Today's businesses want employees who can adapt to new situations rapidly and effectively.
- The ideal employee is a master of basic skills such as reading, writing, and numeracy.
- The ideal employee is also a master of learning, communication, critical thinking, creative thinking, and problem solving.
- The ideal employee can respond to a problem quickly, correctly, and with little or no supervision.
If you can solve problems, you can write your own ticket to whatever job you want.
In college, research methodology is used quite a bit to discover new things and test new ideas. Most research techniques use some kind of problem solving methodology. If you learn how to solve problems now, you will be able to approach many academic situations with the tools you need to handle them.
Defining Problem Solving
Problems can be classified into puzzle problems, well-structured problems, and ill-structured problems. Many games contain puzzle problems and are not "serious" in nature, nor is there any real-life consequence for failing to solve them. Real-world problems that remain unsolved do have consequences. Some problems which are simple and well-defined are called well-structured problems and include a set number of possible solutions - solutions are either 100% right or 100% wrong. An example of a well-structured problem is a typical mathematical (2 + 2 = 4) question. This question has a definitive correct answer.
In contrast to this are ill-structured problems. In these cases, problems may have many possible answers because they are complex and poorly defined. The "best" solutions to ill-defined problems depend on the priorities underlying the situation. What is "best" today may not be "best" tomorrow.
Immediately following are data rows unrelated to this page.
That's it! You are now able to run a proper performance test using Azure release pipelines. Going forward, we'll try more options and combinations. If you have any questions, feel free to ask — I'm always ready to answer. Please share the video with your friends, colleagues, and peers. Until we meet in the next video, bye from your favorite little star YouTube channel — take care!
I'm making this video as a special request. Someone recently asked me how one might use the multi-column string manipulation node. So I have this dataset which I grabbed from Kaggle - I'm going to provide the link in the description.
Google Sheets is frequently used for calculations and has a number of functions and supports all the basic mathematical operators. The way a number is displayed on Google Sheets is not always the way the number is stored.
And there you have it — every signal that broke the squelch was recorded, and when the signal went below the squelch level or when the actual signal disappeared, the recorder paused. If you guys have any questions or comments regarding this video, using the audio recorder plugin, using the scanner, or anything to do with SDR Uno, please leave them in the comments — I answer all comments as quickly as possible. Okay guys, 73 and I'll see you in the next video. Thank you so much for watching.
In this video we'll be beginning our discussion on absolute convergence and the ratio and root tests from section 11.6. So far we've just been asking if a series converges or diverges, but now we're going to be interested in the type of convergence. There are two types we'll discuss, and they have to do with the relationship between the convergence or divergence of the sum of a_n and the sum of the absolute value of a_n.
Ill-structured problems, because they are more difficult to "solve," require the development of higher order thinking skills and the ability to construct a convincing argument for a particular solution as opposed to all other possible solutions.
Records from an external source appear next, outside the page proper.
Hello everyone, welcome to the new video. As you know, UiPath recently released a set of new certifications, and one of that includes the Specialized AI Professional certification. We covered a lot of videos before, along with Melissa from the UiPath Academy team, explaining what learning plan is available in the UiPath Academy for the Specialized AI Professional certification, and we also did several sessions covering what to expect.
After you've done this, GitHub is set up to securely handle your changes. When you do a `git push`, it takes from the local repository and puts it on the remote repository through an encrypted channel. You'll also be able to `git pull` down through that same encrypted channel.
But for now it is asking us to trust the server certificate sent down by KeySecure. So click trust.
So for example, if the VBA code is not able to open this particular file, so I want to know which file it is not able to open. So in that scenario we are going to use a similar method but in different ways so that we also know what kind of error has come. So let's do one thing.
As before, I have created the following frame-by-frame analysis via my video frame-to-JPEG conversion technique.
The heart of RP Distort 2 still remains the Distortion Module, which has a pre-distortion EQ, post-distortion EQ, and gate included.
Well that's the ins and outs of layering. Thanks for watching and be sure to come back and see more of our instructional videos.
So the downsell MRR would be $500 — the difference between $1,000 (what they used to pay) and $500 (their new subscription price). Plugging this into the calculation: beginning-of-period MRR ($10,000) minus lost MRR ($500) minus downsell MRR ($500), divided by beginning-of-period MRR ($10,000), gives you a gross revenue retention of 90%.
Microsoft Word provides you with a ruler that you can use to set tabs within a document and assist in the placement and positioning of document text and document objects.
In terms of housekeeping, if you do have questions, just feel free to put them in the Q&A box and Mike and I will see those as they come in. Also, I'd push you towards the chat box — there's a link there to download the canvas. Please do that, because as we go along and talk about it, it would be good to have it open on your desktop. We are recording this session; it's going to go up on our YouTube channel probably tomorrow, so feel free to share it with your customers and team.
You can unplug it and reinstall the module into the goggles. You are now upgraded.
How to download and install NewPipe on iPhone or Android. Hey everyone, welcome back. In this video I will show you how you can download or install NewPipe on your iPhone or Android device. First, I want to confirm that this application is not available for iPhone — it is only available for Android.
An example of an ill-structured problem would be "How can we maximize water resources in our area?" In this real-life problem more than 20 solutions were proposed and local area authorities were asked to weigh the solutions.
Identifying the Problem
- Many problems are complex and poorly defined.
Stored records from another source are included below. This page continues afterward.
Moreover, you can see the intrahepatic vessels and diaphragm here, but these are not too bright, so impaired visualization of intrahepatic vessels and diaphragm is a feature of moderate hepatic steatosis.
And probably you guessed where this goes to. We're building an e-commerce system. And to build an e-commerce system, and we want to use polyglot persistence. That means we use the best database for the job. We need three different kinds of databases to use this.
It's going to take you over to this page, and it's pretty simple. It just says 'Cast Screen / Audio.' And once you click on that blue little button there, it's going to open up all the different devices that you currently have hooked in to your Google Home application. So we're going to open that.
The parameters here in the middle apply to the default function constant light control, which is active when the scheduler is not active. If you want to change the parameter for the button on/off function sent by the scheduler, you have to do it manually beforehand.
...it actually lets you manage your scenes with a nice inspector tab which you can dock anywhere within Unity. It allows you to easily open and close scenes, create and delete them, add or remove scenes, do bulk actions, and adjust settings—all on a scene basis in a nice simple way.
- They have many possible answers.
- They do not have one best answer.
Here is an example of an ill-structured problem:
The population of your community is growing. Your water supply will not support many new people. What do you do?
This is a complex problem. It affects the people, the environment, and the quality of life itself. To arrive at a good solution, you would need to use math, science, political science, psychology, and probably more!
This problem actually occurs frequently in areas with a growing population. In one community facing this problem, more than 20 possible solutions were presented to the public. A solution was then chosen that the majority of the public agreed upon. It wasn't the "right" solution because all of the 20 possible possible solutions had strengths and weaknesses.
The lesson here is that ill-structured problems usually have several workable solutions. Each solution has advantages and disadvantages that depend on who is affected by the solution. The solution chosen is often the one that has the best argument for it.